The first book of Robin Hobb’s Farseer Trilogy, Assassin’s Apprentice, is an easy-to-read fantasy adventure with political intrigue and social insecurity with a nice dose of magic.  Written in the first person as a memoir of an older Fitz looking back at his oldest memories and the beginnings of his career as an assassin.  Although Hobb could have used the older Fitz to create a larger picture of what was going on, she instead kept the perspective exclusively on what was happening in his life as part of the larger picture.
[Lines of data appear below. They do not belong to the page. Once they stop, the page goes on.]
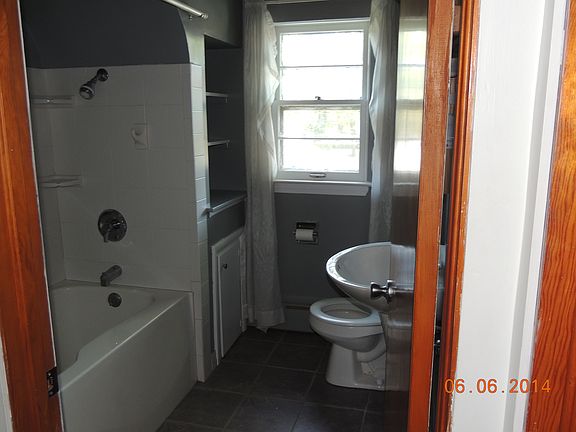 5th image of 250 Borland Ct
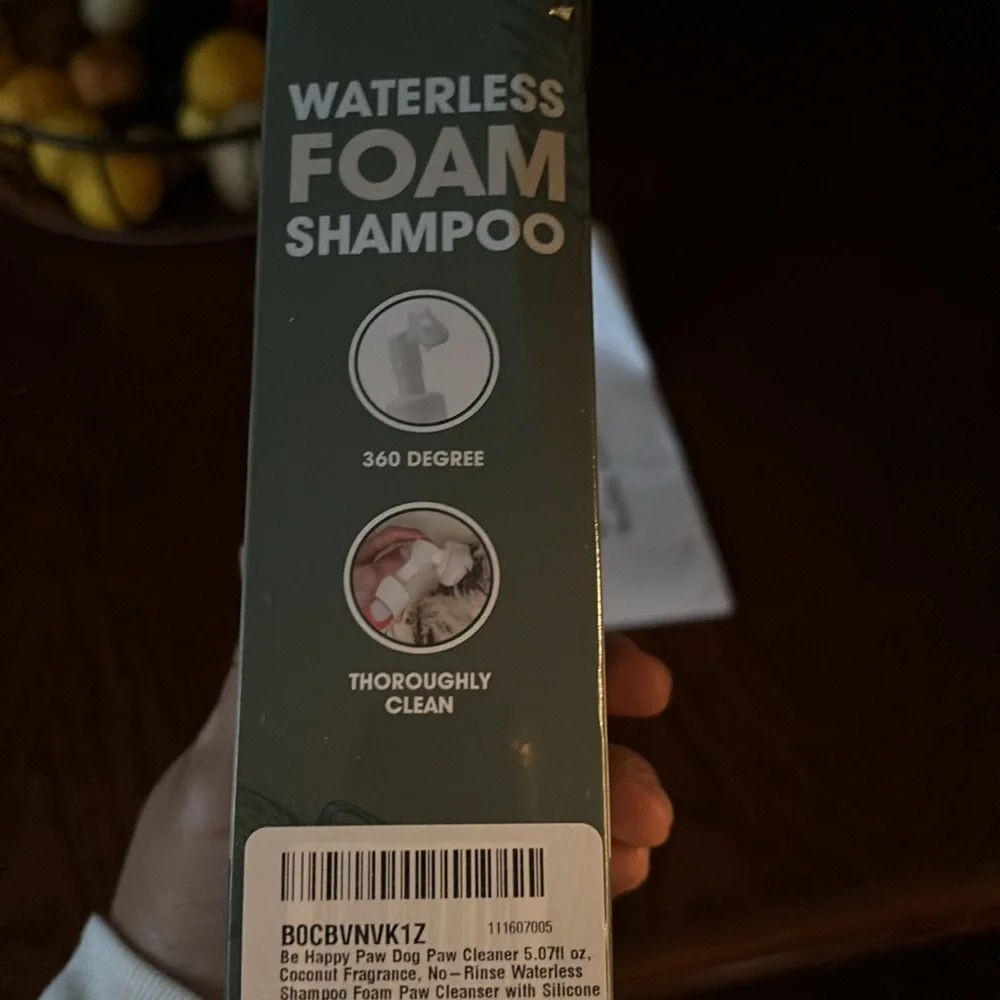 Waterless foam shampoo for dogs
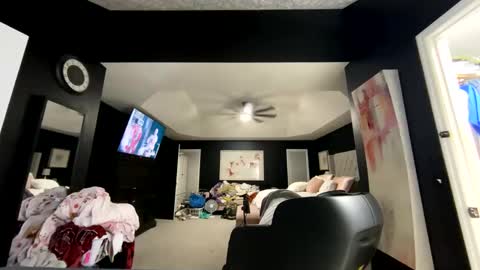 Snapshot of swapman47 chatting on 09/25/25, 08:29 Swapman47 online show from 09/25/25, 08:29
The book covers a decade in young Fitz life and shows the social isolation of a bastard who caused his father’s exile and abdication.  Young Fitz has an abundance of men to look up to throughout the 10 year period, who over the same period he either disappoints or learns to distrust.  Fitz finds himself dealing with two types of magical abilities, one treasured and one frowned up, which both shape his young life and potentially the future.  However at the end of the book, only one stage of Fitz’s journey is at an end and nothing really has been resolved save for the defeat of a court conspiracy.

Assassin’s Apprentice is not a standalone book, it is the first of a trilogy and ends with none of the threads introduced in anyway wrapped up.  But that doesn’t takeaway from the enjoyable experience it is exploring the Six Duchies with young Fitz as he begins to create a place in the world for himself.